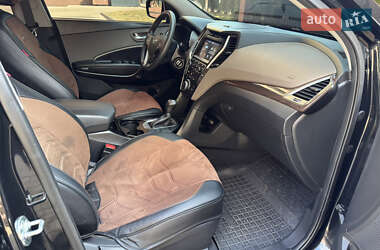 Внедорожник / Кроссовер Hyundai Santa FE 2016 в 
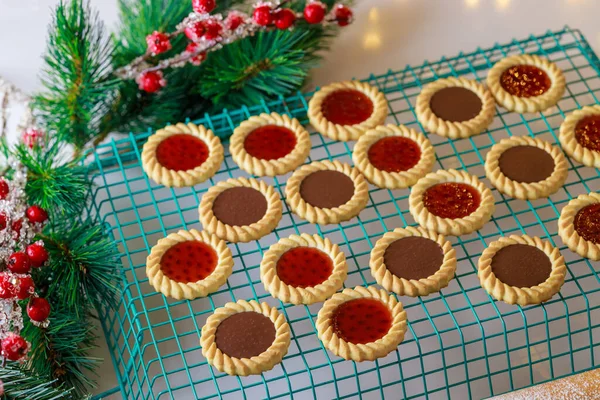 ジャムとチョコレートで作られたクリスマスクッキー — ストック写真
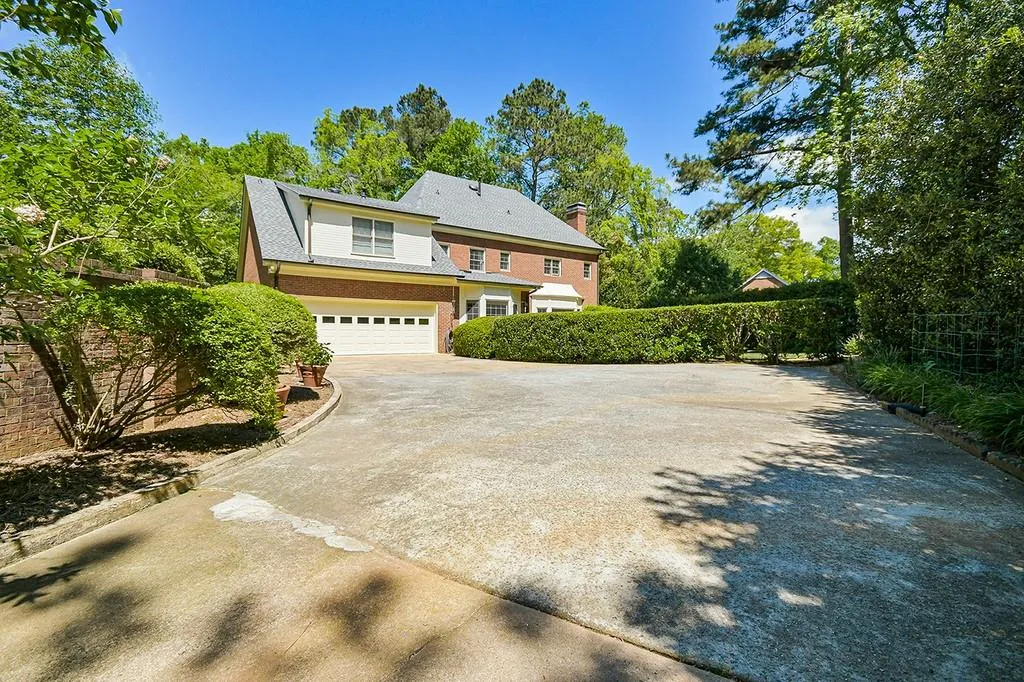 6540 River Chase Circle, Sandy Springs, Georgia 30328, 4 Bedrooms Bedrooms, ,4 BathroomsBathrooms,Residential,Sold,6540 River Chase Circle,6874937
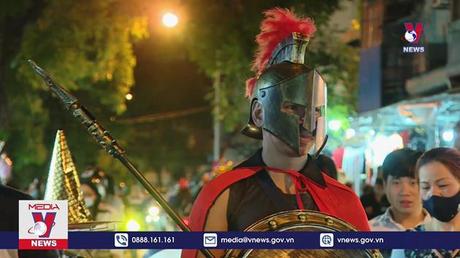 Người dân e dè hơn khi đi chơi Halloween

* _Activity_:
With pictures omitted, restate exactly every line from the one containing "6540 River Chase Circle, Sandy" through the last line of the material, inclusive.

* _The completed task_:
 6540 River Chase Circle, Sandy Springs, Georgia 30328, 4 Bedrooms Bedrooms, ,4 BathroomsBathrooms,Residential,Sold,6540 River Chase Circle,6874937
 Người dân e dè hơn khi đi chơi Halloween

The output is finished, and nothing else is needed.